LATITUDES

En couple au bordel

Les prostituées doivent répondre à des demandes de plus en plus crues, souvent inspirées par l’industrie pornographique. Le triolisme fait également recette. Témoignages de professionnelles du secteur.

«Depuis cinq ans, les clients qui exigent une fellation veulent du naturel, c’est-à-dire sans préservatif, et pouvoir aller jusqu’au bout: une fellation complète avec éjaculation dans la bouche ou sur le corps de la fille.» Lisa, patronne du Venusia, le plus grand salon érotique de Genève, n’a cessé de voir les demandes de ses clients évoluer: «Lorsque j’ai commencé il y a près de vingt ans, les caresses buccales n’étaient qu’un simple préliminaire avant l’acte sexuel. Désormais, aller jusqu’à l’éjaculation obnubile les hommes. Je pense que c’est l’influence des films pornos, dans lesquels cette pratique est systématique, qui les pousse à fantasmer là-dessus.»

Autre changement constaté par Lisa: fellation et sodomie ont pris le relais de la pénétration simple. «A mes débuts, la sodomie était une requête assez rare chez les clients et peu de prostituées acceptaient de la faire. Désormais, c’est l’une des pratiques les plus prisées, que même des filles de 18 ans proposent.» «Il est vrai que la sodomie est vraiment à la mode, confirme Leyla Castaldi, directrice de l’agence Elégance à Genève. Plus les années passent et plus les hommes ont envie d’essayer.»

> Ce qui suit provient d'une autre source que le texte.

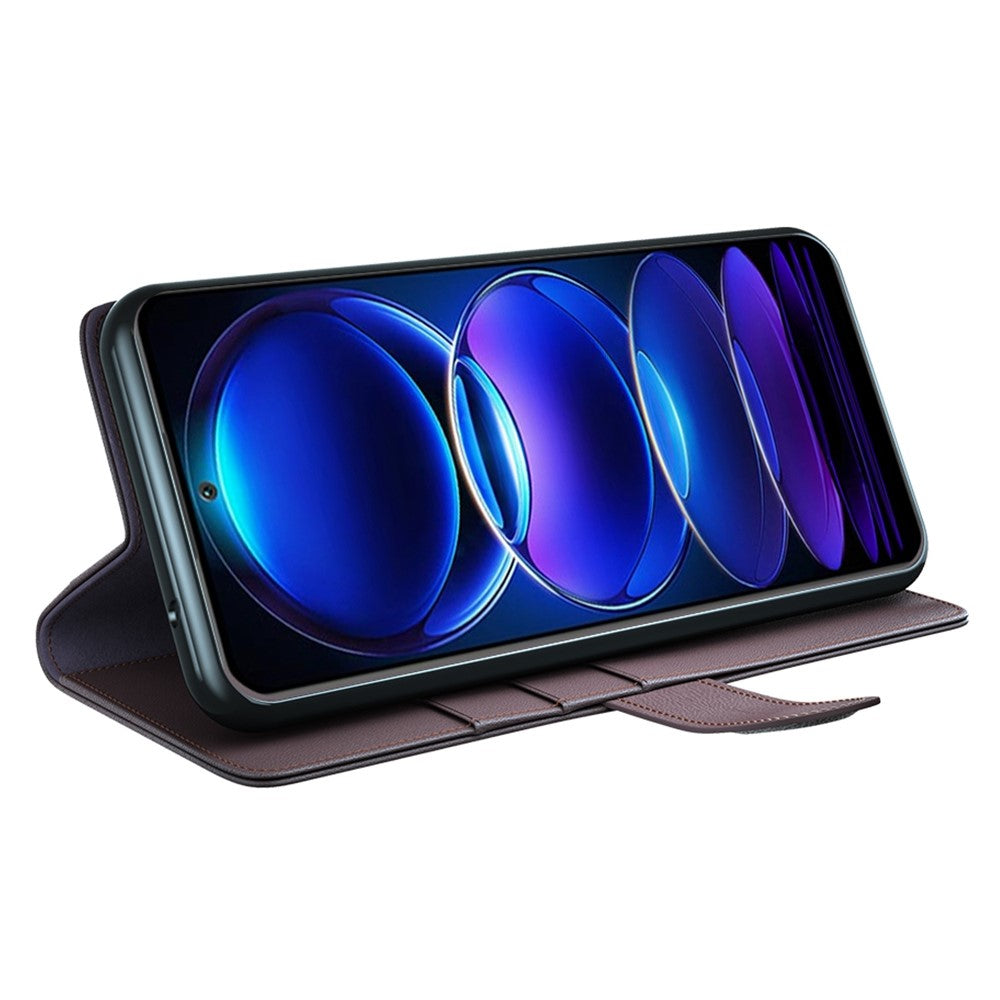 Xiaomi Redmi Note 12 5G (Global) / (Indien) / (Kina) / Poco X5 5G-skal i äkta splitläder med plånbok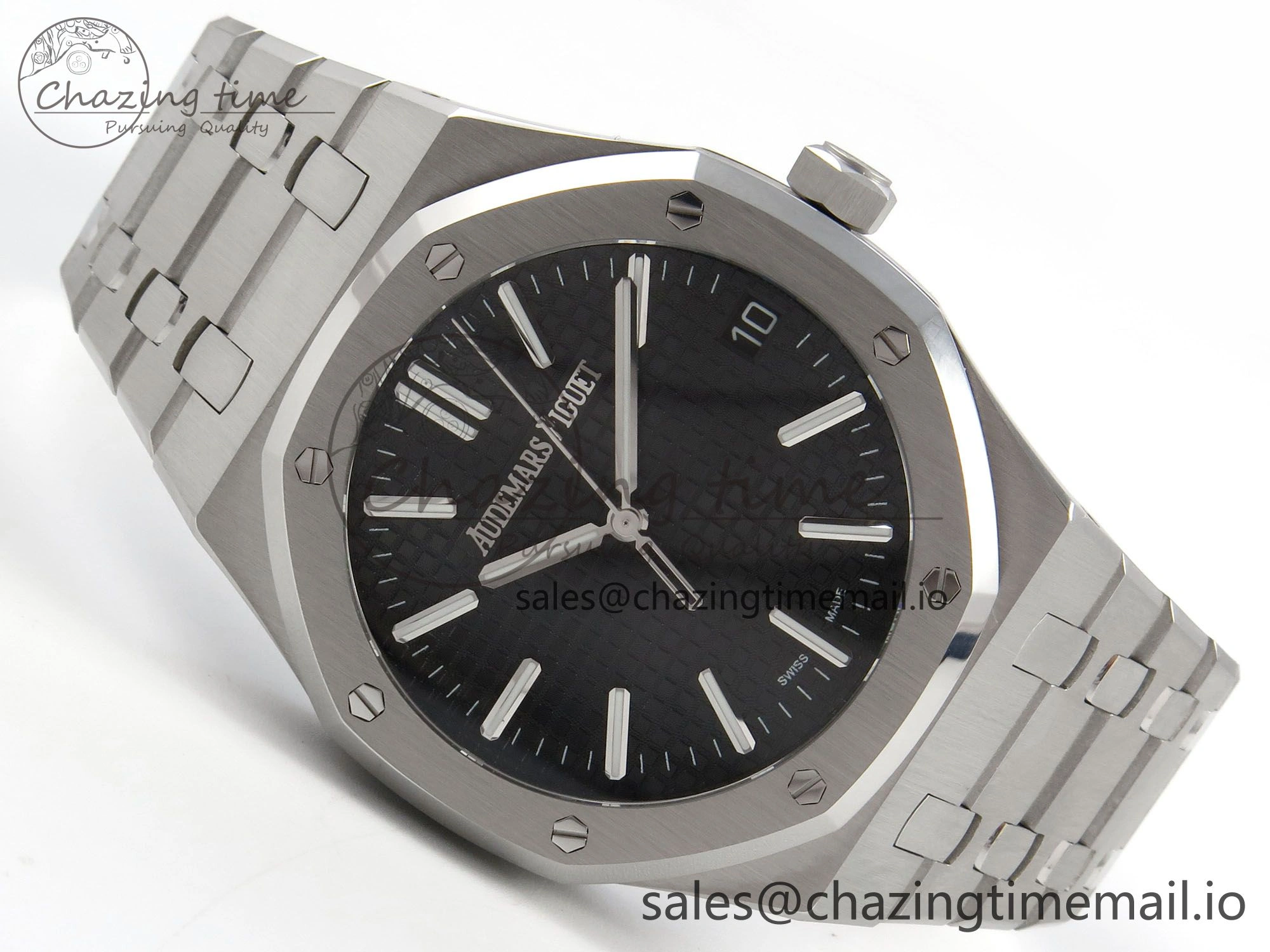 Royal Oak 41mm 15510 SS RSF 1:1 Best Edition Black Dial on SS Bracelet SA4302 Super Clone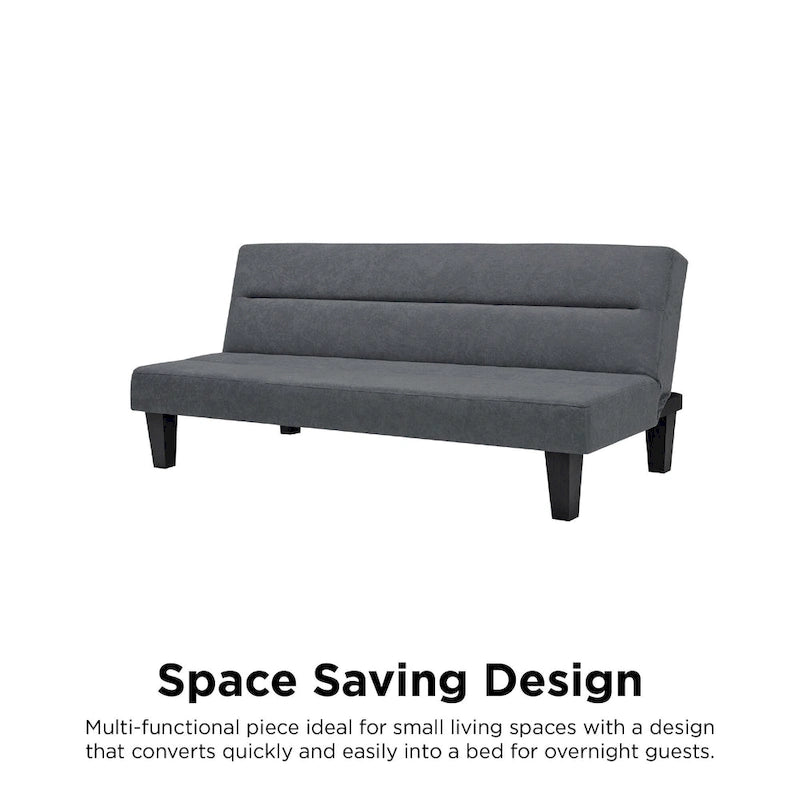 Canapé futon en microfibre avec design convertible pliable pour salon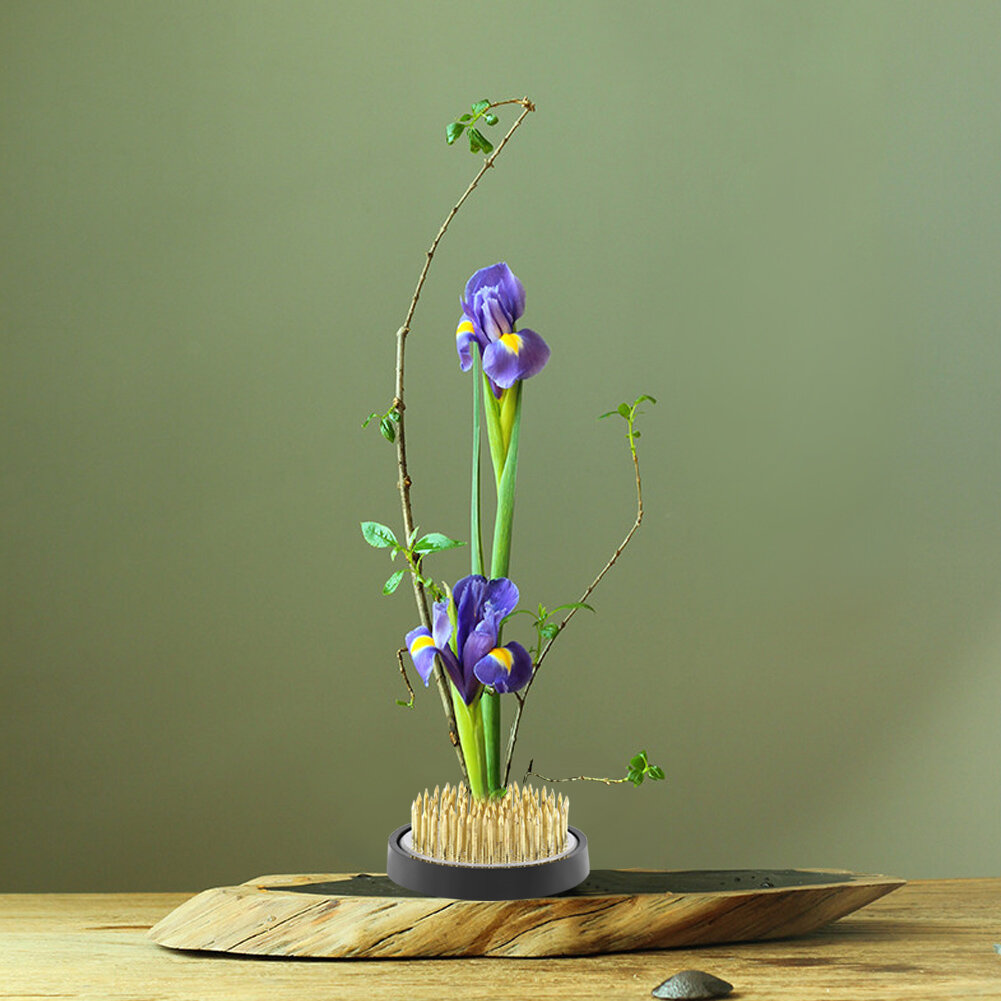 Круглая булавка для цветочной композиции Ikebana Kenzan, 40 мм, диаметр. 40 мм фиксированный инструмент для украшения цветов для икебаны, кэндзана и японской цветочной аранжировки — фото 1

Malgré ces nouveaux penchants, «les attentes des hommes restent encore assez simples, estime Lisa. Ils ne viennent pas chercher dans notre salon des actes extraordinaires. Le sadomaso, par exemple, est relativement peu sollicité.» Pour Leyla Castaldi, le premier fantasme des hommes demeure le dress code: «Le visuel est très important pour nos clients. Ils souhaitent de très belles filles, très glamours, qui ressemblent à celles qui s’affichent en photo dans les magazines. La lingerie, les bas, les jarretelles et les talons aiguilles sont ainsi très demandés. Certains clients me décrivent dans les moindres détails les vêtements qu’ils désirent voir portés par la fille. Et c’est indispensable de ne pas les décevoir.»

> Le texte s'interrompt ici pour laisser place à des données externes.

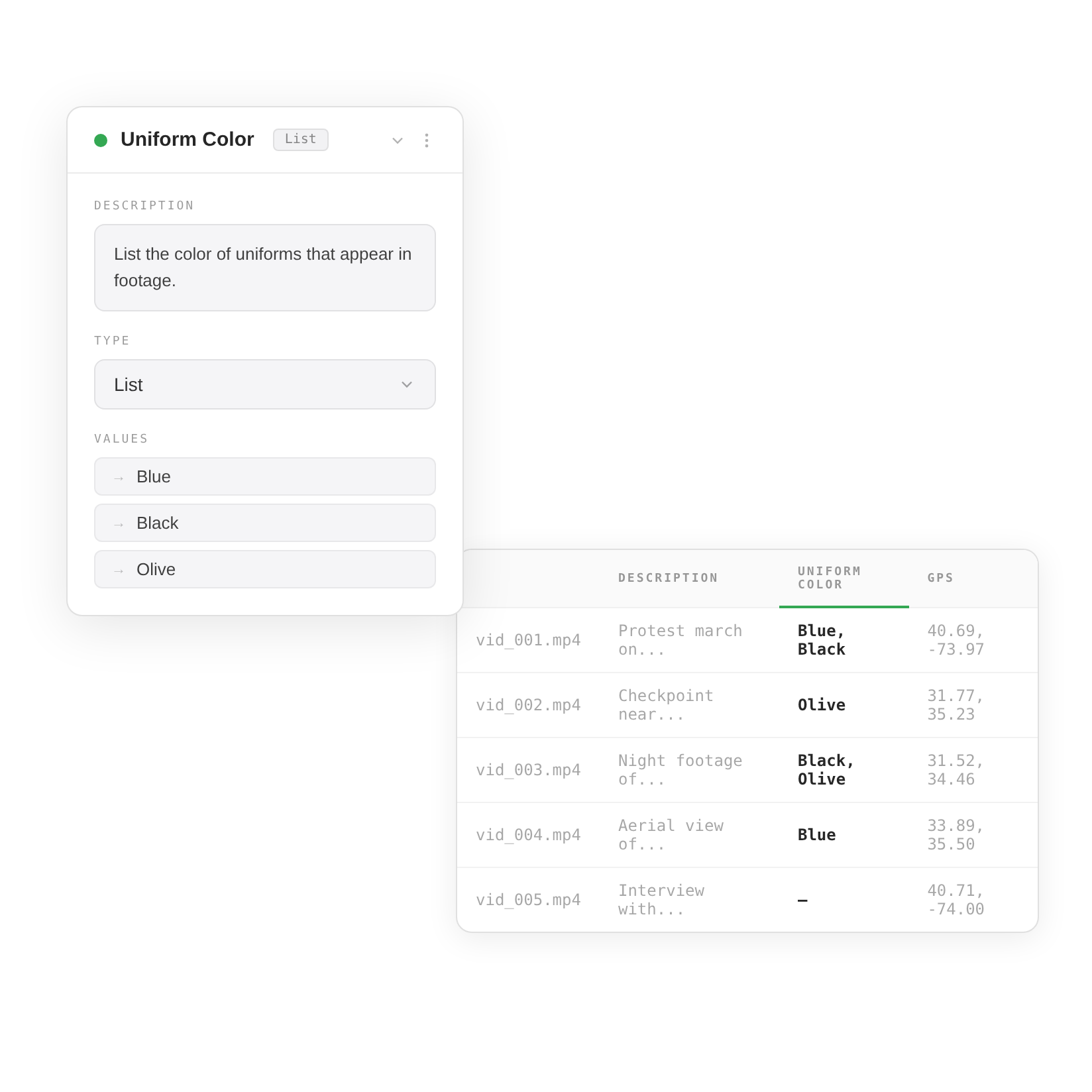 Database creation interface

Toujours pour satisfaire leur clientèle, les prostituées se doivent d’accepter aussi le french kiss. «Avant, les filles n’embrassaient pas sur la bouche par principe, explique Daniel, patron de Switzescort à Genève. Aujourd’hui, le baiser avec la langue est désiré par la plupart des clients car cela représente le summum de l’intimité.»

Dans les salons du Venusia, entre 30 et 80 clients défilent chaque jour. Ils ont entre 16 et 90 ans et viennent, pour certains, accomplir l’un de leurs fantasmes: le triolisme. S’il est fréquemment demandé, ce n’est cependant plus seulement par les hommes. «Il y a vingt ans, c’était deux filles pour un client, raconte Lisa. Aujourd’hui, c’est une fille pour un couple de clients. Et de plus en plus souvent. Au début, les femmes nous disent qu’elles font ça pour leur conjoint, pour lui faire plaisir ou lui faire un cadeau. Mais on s’aperçoit souvent que c’est également pour elles, dans la façon avec laquelle elles prennent l’initiative, caressent et finalement accèdent au plaisir.»

Néanmoins, si quelques femmes acceptent de se rendre au bordel pour satisfaire les fantasmes de leur homme, et au passage les leurs, elles sont encore peu nombreuses à franchir le pas pour elles-mêmes. Les relations saphiques demeurent une demande marginale dans les salons et les escort boys ne font pas recette: la seule idée qu’une femme paie un homme pour la bagatelle ou pour réaliser ses fantasmes reste taboue.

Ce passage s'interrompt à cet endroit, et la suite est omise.